## Task directions
Entries below include pictures. Output exactly the lines from the one with "this 250×188 image." down to the one with "this 350×262 image.", both ends included, and leave the pictures out.

## Supplied data
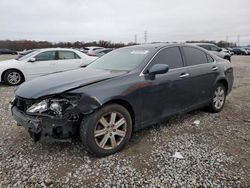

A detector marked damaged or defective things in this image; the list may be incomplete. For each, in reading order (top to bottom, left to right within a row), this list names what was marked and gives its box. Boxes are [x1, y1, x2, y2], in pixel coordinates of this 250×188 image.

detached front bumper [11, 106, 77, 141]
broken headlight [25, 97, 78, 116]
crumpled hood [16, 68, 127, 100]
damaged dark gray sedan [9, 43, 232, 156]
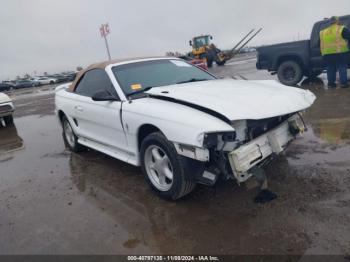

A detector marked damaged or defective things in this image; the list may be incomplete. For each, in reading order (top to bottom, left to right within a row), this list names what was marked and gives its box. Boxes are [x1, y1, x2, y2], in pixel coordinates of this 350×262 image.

--

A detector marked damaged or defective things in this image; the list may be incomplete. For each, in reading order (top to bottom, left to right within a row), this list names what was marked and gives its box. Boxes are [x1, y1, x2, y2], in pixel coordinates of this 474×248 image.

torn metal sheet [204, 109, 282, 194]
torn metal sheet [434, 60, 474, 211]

* * *

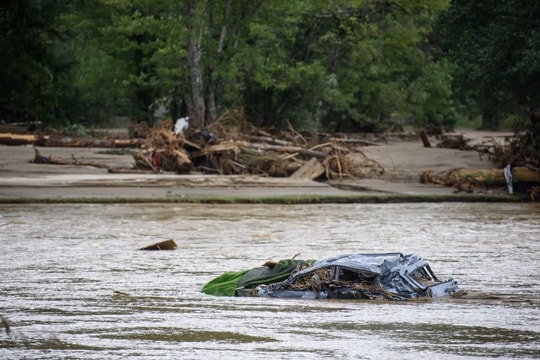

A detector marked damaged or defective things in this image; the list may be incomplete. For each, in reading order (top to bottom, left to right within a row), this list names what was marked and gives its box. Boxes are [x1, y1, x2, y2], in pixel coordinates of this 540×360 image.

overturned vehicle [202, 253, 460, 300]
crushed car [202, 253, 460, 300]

## Result
A detector marked damaged or defective things in this image; the list may be incomplete. For each, in reading order (top to bottom, left to right within a row), this list names what was marked and gives its box. Boxes are [x1, y1, x2, y2], in pixel coordinates of this 250×188 image.

detached front bumper [11, 106, 77, 141]
broken headlight [25, 97, 78, 116]
crumpled hood [16, 68, 127, 100]
damaged dark gray sedan [9, 43, 232, 156]

A detector marked damaged or defective things in this image; the list may be incomplete. For each, in reading order (top to bottom, left to right within a row), this list names what was marked and gives its box. Boxes are [x1, y1, x2, y2], in pixel coordinates of this 350×262 image.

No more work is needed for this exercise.